Che va nella direzione del programma dell’Unione?
«È un’azione rispettosa del programma. Si tratta di un passo importante, non conclusivo, che apre la strada a ulteriori interventi a vantaggio dello stato sociale. Le persone che lavorano percepiscono quando una politica segna una discontinuità positiva rispetto al governo precendente. E anche chi è un accanito oppositore di questi risultati ne prenda atto. Perché è giusto fare le battaglie, sostenere le proprie tesi, ma è doversoso riconoscere i risultati della democrazia. Altrimenti si rischia di imitare Berlusconi che, perse le elezioni, pretendeva di averle vinte».
Ma il protocollo è aperto a modifiche?
«Al consiglio dei ministri presenterò, nel collegato, la traduzione del protocollo come è sottoscritto dalle parti sociali. Tutti sanno che la trascrizione di un testo di concertazione può contenere precisazioni finalizzata a chiarire dubbi e perplessità sollevati al momento della conclusione dell’accordo. In particolare su due punti, i lavori usuranti e il contratto a termine, la normativa potrà essere precisata, ma a una condizione: che sia condivisa dalle parti che hanno sottoscritto l’accordo».
Sullo staff leasing o sulla detassazione degli straordinari la linea rimane ferma. Non ci saranno variazioni.
«Nessuna variazione».
Sull’atteggiamento che ha la sinistra radicale quanto incide la manifestazione del 20 ottobre proprio sul welfare?
«Aver programmato questa manifestazione anche dopo la decisione del sindacato di consultare con referendum lavoratori e pensionati è stato, a mio avviso, un errore. Ma noi dobbiamo far prevalere la ragione e il buon senso e avere uno spirito costruttivo e unitario. Se trionfano le ragioni di un partito su quelle della squadra non si può fare molta strada».

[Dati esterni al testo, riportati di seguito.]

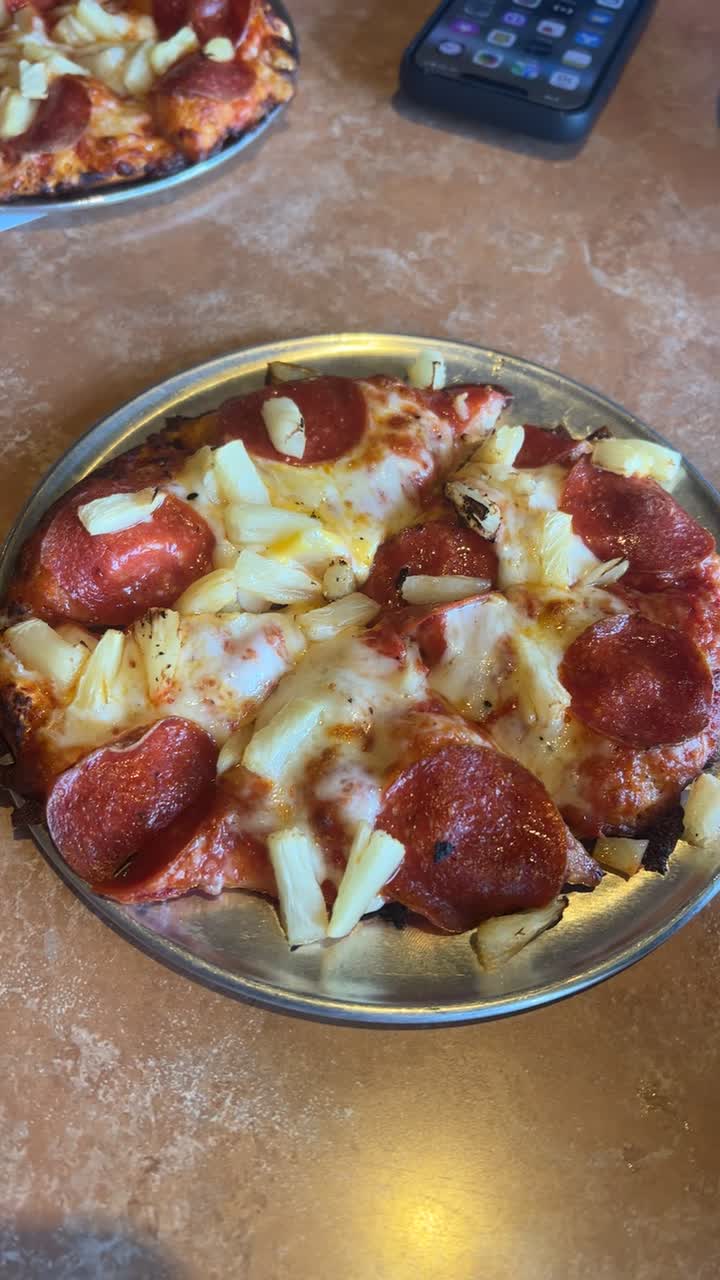 Toppers Pizza Place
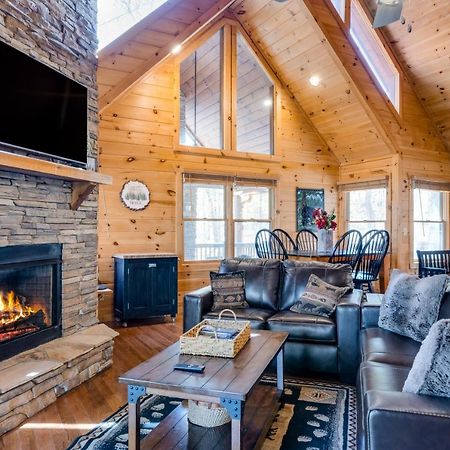 Blue Ridge Bear Bungalow Bagian luar foto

Tra le ragioni di partito rientrano anche la denuncia di brogli ad opera dei Comunisti italiani?
«Mi sembra un atteggiamento inaccettabile. Che getta discredito sul sindacato e sullo strumento del referendum. Non credo che la politica debba conquistare gli spazi attraverso gli scoop televisivi. Ci vuole etica delle responsabilità».